Every movie in every non-press venue at the Busan International Film Festival -- which concluded its 2012 edition last week -- has assigned seating. You don't get to choose your own seat. This tends not to matter a great deal, as relatively few screenings sell out and a plurality of viewers completely ignore their seating assignment, but still: a bit odd, no?
I certainly thought so as I settled in for my first movie just hours after landing in South Korea's second-largest city, which has now hosted the self-proclaimed "Cannes of Asia" for 17 years running. In addition to the holdovers from Berlin, Cannes, and Venice for which I was most excited -- Christian Petzold's "Barbara," Abbas Kiarostami's "Like Someone in Love," and "The Fifth Season," to name but a few -- I naturally made an effort to see at least a smattering of regional movies that aren't likely to arrive on U.S. shores anytime soon.
In most cases my choices were based on relatively little information and I wound up disappointed as often than not. (There's a roulette-like excitement to walking into a festival screening with no prior knowledge of the movie you're about to watch, and this is the potential downside.) The two main offenders were "Nameless Gangster: Rules of the Time," a watchable-if-generic box-office king in its native Korea whose name is a fairly strong indication of its storyline, and "An End to Killing," a Mongolian/Chinese almost-epic about Genghis Khan that, were it called generic, would be an insult to off-brand cereal and inexpensive medication.
The most pleasant surprise -- as well as the one which elicited the strongest feeling of actual discovery -- ended up coming from Gabriela Pichler's "Eat Sleep Die," which premiered under-the-radar in Toronto a few months ago. An unfortunately-titled Swedish film telling the Dardenne-like tale of a laid-off factory worker/Muslim immigrant named Raša, the film more than transcends its familiar premise via Nermina Lukač's engrossing performance and a nearly unforgettable final scene. Also of note was "Blancanieves," a silent, black-and-white take on "Snow White." The only shame is that it wasn't released pre-"The Artist": Comparisons between the two are inevitable, and while this is the superior -- not to mention more authentically silent -- film, it's likely to only receive a fraction of the audience.
And what of those festival holdovers? A mixed bag, of course, but one in which the good ("Paradise: Love," "In the Fog") outweighed the bad ("The Last Time I Saw Macao," "Something in the Air"). Matteo Garrone's Grand Prix-winning "Reality" was even better than "Gomorrah," his last Grand Prix-winner; "Lore," which I accidentally watched without subtitles, was visually sumptuous but gave the impression of being otherwise under-realized; Carlos Reygadas' "Post Tenebras Lux" continues to baffle me.
My hopes were highest for Cristian Mungiu's "Beyond the Hills" and, despite a listless midsection, the followup to "4 Months, 3 Weeks and 2 Days" did turn out to be one of the stronger films I saw in Busan. It isn't without its problems -- the disconnect between the relationship drama at its center and the religious fervor surrounding it is sometimes sillier than it is mystical -- but it's carried along by expert direction and immersive austerity. Best of all, I'm somewhat surprised to say, was Thomas Vinterberg's absorbing, ridiculously well-acted "The Hunt."
The most meta moment, however, had to be watching Hong Sang-soo's "In Another Country." Starring Isabelle Huppert as three different incarnations of a French woman visiting a small Korean village, the film featured close to a dozen seemingly prosaic moments of conversation at which the mostly-Korean audience erupted in laughter. I guess a lot really is lost in translation.
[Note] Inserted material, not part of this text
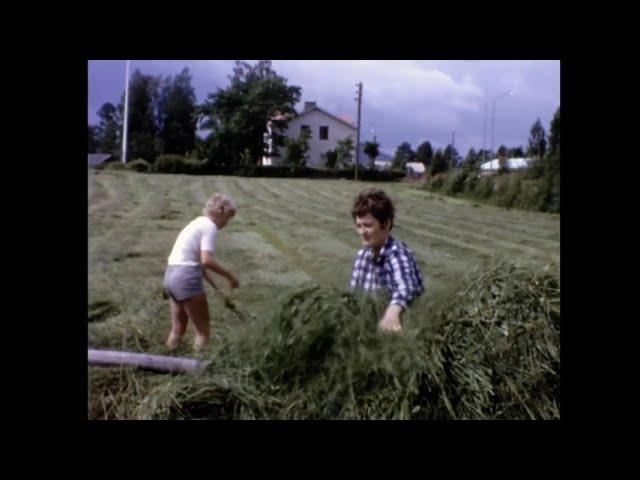 Höbärgning i Bjurholm sommaren 1966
As for non-assigned seating, I attended precisely one press screening: Kim Ki-duk's Golden Lion-winning "Pieta." In truth, I wouldn't have even attended that screening had the two public screenings which preceded it not both sold out -- I was interested in how audiences would react to all the films in Busan, this one in particular.
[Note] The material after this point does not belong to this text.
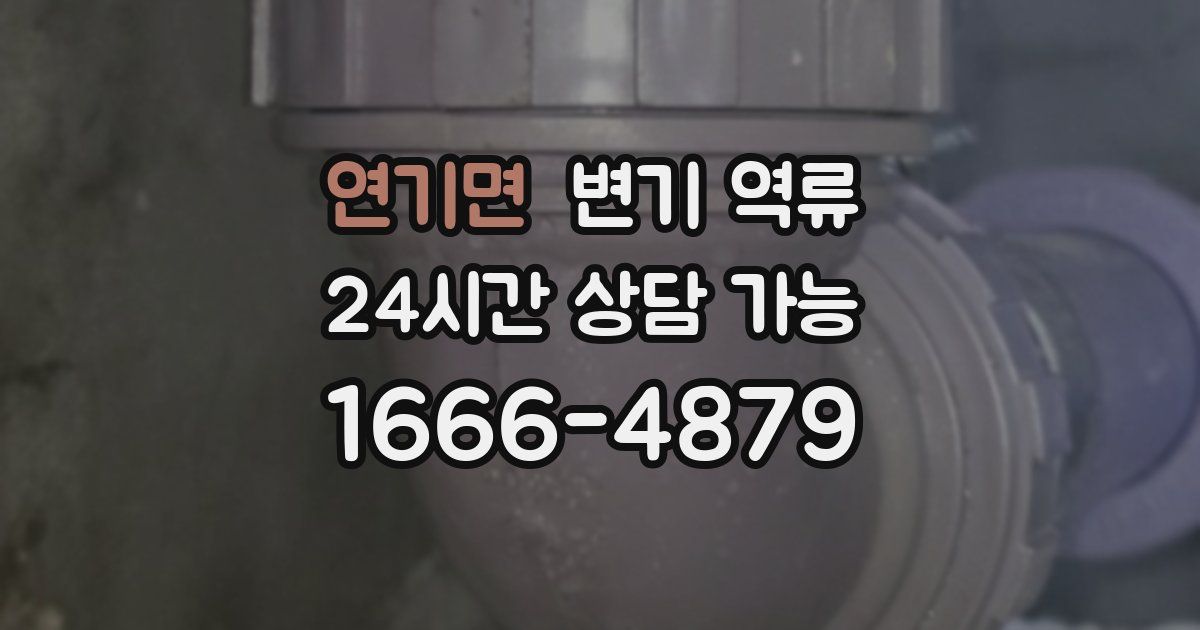 연기면 변기 역류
Kim is often pegged as a misogynist, provocateur, or both; anticipating controversy (and, having only seen a handful of his movies, not possessing a strong opinion on him either way), I wanted to see how many people would walk out. My guess is that a good amount did, but they'd be wrong to: Though enmeshed in ugliness and cruelty for its first hour or so, "Pieta" undergoes a strange transformation in its latter half that sees it redeemed at roughly the same pace as its troubled protagonist. It remains a flawed, problematic picture, but it also provided a thought-provoking start to my final day in its home country.